▶ Exercise instructions
Find every line in the records below that holds the word "with", and copy it out.

★ ★ ★ ★

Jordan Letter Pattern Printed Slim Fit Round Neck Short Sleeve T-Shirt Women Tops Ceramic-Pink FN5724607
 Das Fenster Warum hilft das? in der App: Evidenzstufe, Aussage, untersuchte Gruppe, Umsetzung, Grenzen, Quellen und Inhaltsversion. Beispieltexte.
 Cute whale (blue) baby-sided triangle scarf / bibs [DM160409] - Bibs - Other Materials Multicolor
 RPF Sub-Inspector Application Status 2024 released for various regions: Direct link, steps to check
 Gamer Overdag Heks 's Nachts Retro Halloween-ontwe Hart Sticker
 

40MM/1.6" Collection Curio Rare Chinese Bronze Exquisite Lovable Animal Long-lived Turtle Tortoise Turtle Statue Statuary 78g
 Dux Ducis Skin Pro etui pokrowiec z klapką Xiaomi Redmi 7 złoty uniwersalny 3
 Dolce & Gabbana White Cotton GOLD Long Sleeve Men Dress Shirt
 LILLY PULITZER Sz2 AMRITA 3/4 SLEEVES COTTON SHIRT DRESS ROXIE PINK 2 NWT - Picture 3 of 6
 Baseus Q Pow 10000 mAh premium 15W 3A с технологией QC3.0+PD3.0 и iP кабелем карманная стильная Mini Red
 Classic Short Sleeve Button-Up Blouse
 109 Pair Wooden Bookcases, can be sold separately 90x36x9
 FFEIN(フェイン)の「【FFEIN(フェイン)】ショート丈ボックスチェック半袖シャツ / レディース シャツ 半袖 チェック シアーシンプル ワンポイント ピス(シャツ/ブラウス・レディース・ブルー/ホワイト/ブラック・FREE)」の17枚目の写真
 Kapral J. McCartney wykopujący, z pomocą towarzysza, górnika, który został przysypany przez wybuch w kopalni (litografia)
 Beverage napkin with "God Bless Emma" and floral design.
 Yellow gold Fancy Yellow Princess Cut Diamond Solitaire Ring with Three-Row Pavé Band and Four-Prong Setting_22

★ ★ ★ ★

▶ Task response
 Beverage napkin with "God Bless Emma" and floral design.
 Yellow gold Fancy Yellow Princess Cut Diamond Solitaire Ring with Three-Row Pavé Band and Four-Prong Setting_22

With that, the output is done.